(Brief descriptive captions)
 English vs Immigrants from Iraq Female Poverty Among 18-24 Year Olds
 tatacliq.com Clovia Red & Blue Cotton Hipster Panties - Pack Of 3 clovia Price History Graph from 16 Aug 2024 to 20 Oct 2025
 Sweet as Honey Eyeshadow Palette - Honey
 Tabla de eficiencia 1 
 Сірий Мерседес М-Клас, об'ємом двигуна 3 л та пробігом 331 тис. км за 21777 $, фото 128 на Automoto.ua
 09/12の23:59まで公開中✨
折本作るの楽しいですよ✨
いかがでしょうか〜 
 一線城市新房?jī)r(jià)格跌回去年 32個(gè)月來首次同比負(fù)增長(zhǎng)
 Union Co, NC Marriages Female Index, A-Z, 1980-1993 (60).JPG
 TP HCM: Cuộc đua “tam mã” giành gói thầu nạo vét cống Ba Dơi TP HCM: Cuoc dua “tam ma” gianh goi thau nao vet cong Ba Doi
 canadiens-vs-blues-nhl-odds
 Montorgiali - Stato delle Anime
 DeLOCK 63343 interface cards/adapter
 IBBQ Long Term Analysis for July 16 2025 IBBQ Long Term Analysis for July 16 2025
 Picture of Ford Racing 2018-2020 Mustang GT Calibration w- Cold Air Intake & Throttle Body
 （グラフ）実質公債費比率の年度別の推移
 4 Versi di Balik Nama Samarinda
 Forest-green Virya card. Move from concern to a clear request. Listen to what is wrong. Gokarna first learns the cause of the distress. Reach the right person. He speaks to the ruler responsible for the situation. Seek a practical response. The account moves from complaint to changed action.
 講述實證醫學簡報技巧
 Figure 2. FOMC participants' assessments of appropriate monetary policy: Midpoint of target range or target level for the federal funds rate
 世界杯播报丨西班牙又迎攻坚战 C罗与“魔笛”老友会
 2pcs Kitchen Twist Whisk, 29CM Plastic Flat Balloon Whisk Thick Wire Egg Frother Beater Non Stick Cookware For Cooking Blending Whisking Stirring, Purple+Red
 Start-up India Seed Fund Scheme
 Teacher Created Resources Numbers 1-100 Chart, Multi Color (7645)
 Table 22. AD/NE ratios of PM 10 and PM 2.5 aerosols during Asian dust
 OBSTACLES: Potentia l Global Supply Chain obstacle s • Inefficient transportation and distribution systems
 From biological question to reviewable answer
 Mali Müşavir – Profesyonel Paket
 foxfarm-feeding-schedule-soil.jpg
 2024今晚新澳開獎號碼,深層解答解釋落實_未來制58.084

▸ Exercise instructions
Each line from the top of the entries above through the line containing "Tabla de eficiencia 1" must be transcribed exactly, and no other line may appear.

▸ Task response
 English vs Immigrants from Iraq Female Poverty Among 18-24 Year Olds
 tatacliq.com Clovia Red & Blue Cotton Hipster Panties - Pack Of 3 clovia Price History Graph from 16 Aug 2024 to 20 Oct 2025
 Sweet as Honey Eyeshadow Palette - Honey
 Tabla de eficiencia 1 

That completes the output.